2022
June Perfume Reviews
categories: scents & sensibility
Les Lunatiques from Lvnea is a cupped palm of night air: softly flickering mothwings at midnight, a dewy mist of cloud floating across the moon, shadow-draped blooms furled in upon themselves and dreaming, the holy gleaming poetry of cosmic light reaching us from stars long dead, and the sweet murmuring exhalations of a slumbering grove of saplings.
So, 4160 Tuesday’s The Sexiest Scent On The Planet. Ever. (IMHO). I can’t say that I don’t like it, because I really do. Is it sexy? I don’t know. I don’t really like to think about scents like that, for some reason it really grosses me out. Maybe my filthy youth–and man do I have some stories–flipped some sort of switch in my brain where now I basically want whatever the opposite of sexy is. I am not saying sexy is a young person’s game, I guess I am saying I just don’t care about sexy anymore. There’s more to life. Anyway. So this scent is fairly simple, what I might call floral vanilla and dark woods. It’s lovely, but not overly complex. It’s perfectly fine and I would almost want a full bottle to keep around for days when I don’t know what I want to wear, only that I want to smell nice. The problem is, it smells EXACTLY like the sandalwood vanilla wallflower home scent plug ins that Bath and Body Works used to sell. And there’s no inherent problem with that scent, either, it’s actually very pretty, but my sister has one–sometimes two–plugged into every room in her house and before long what was once pretty is now intensely oppressive and suffocating, and now I can’t smell this particular version of vanilla and woods without feeling like I am choking on a candle. I get how this is a me-problem, not an actually product-problem, or perfumer-problem. but sometimes that’s the way it goes.

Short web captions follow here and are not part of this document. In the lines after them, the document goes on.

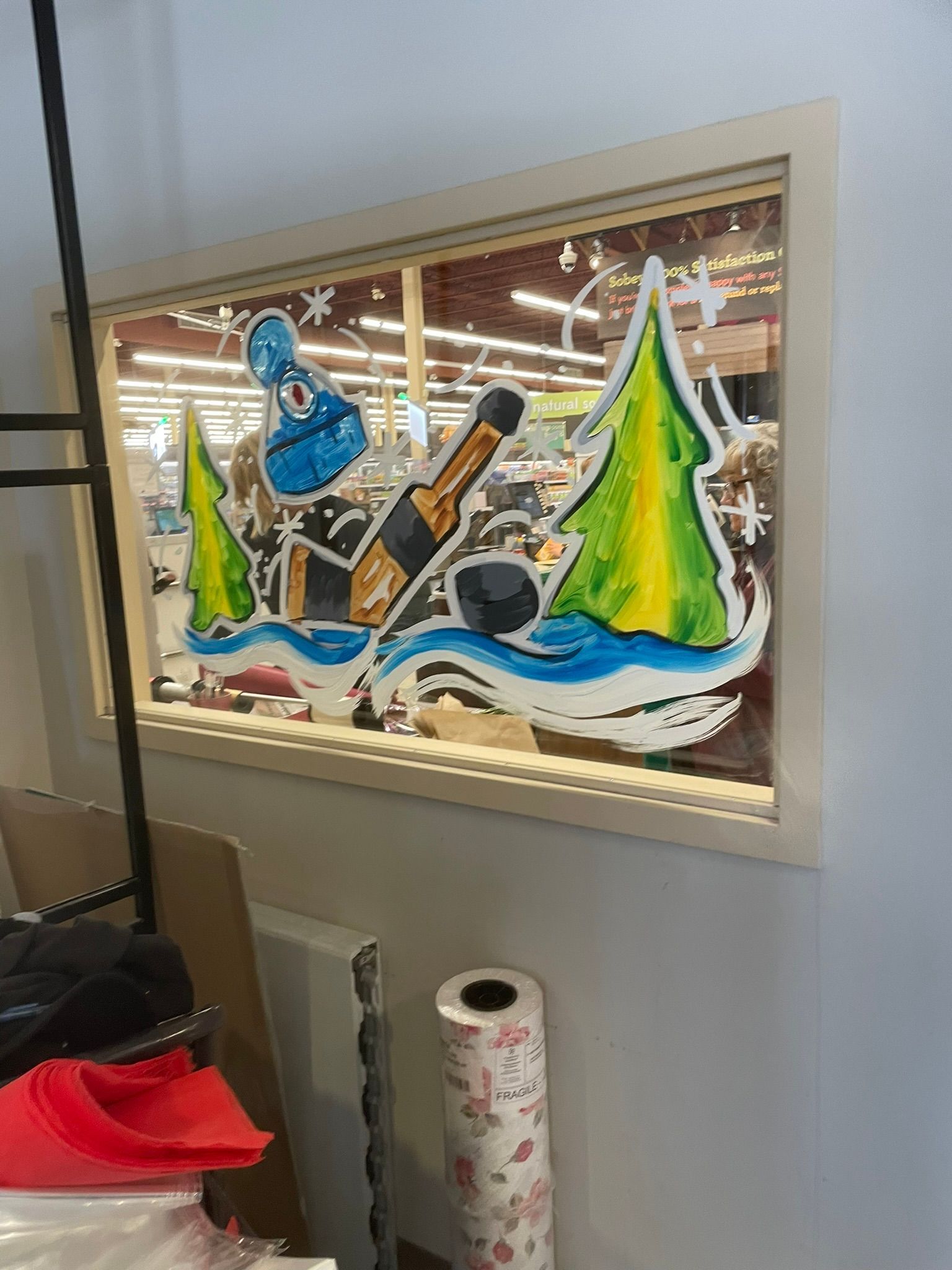 A window with a painting on it in a store.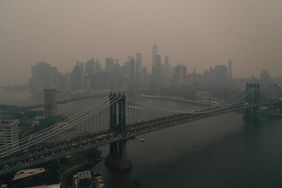 The Downtown Manhattan skyline stands shrouded in a reddish haze as a result of Canadian wildfires on June 06, 2023 in New York City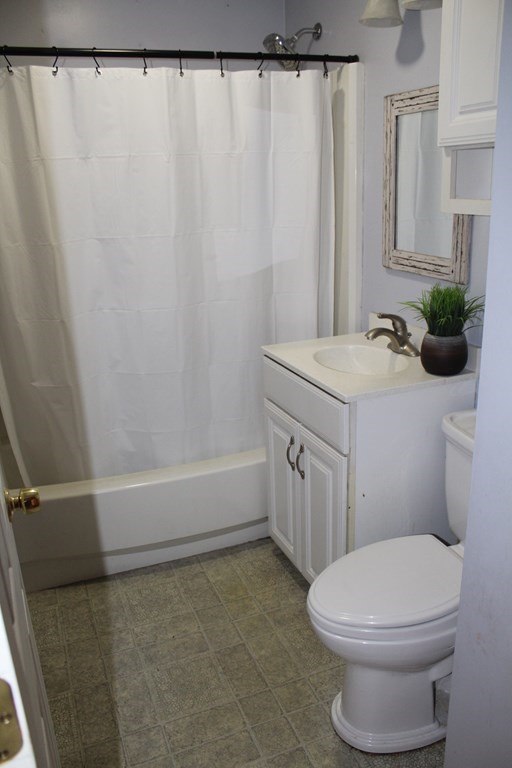 14 Richelieu Street Chicopee, MA 01020 - Photo 10 of 16 a bathroom with a sink a toilet and shower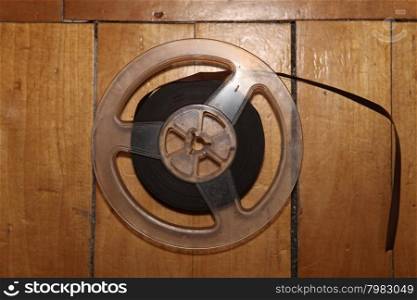 reel for reel tape player and recorder on wooden background
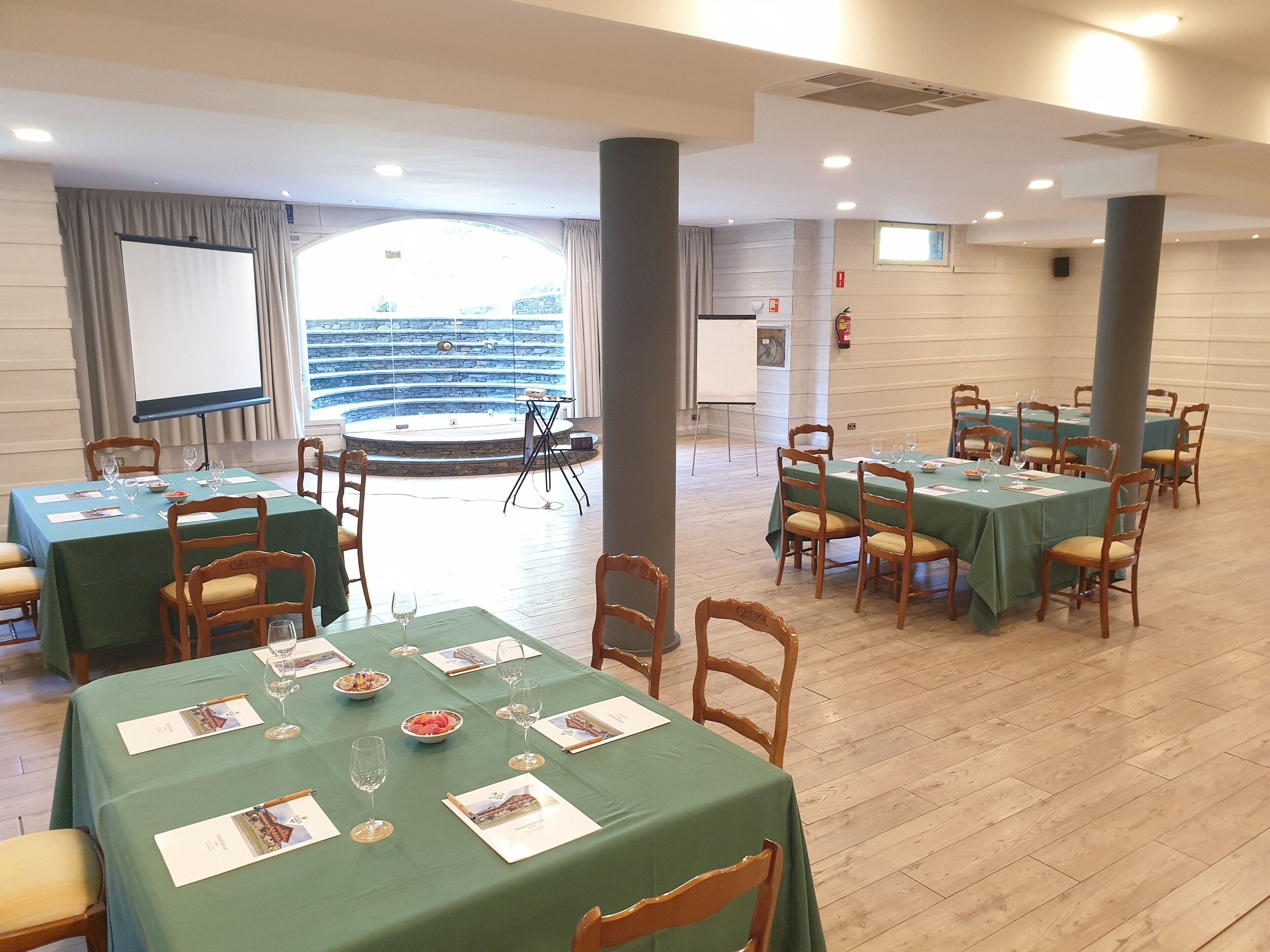 A conference room with multiple tables, chairs, and a large screen.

Accident a la Vanille Almond Cake is so awful that it inspired me to write a haiku:
a robitussin,
and play-dough, and almond milk
frathouse haze: DRINK, DRINK!
Etat Libre d’Orange You Or Someone Like You is the screechy confrontational performance art of a person having a freaky public meltdown, a full out adult tantrum, taking place midafternoon in a popular coffee chain or a ubiquitous lingerie store in the mall, and which is probably being recorded by spectators for millions of future views on YouTube even as the melodrama is unfolding. It’s the synthetic aroma of an indoor public space filled with too many people breathing at once and poorly circulated air, the awkward musk of distressed and embarrassed onlookers, the cool mineralic concrete of silent complicity, the acrid, antiseptic arrogance of entitlement, and the tang of weaponized tears and performative victimhood of someone who felt personally attacked by Victoria’s Secret’s return policy regarding thong panties or the fact that Starbucks was out of oat milk for their ridiculous latte order. You or Someone like you is the fragrance of someone making a massively upsetting stink in front of a crowd and feeling absolutely no shame or remorse because they have a right to everything, they deserve everything, merely because they exist.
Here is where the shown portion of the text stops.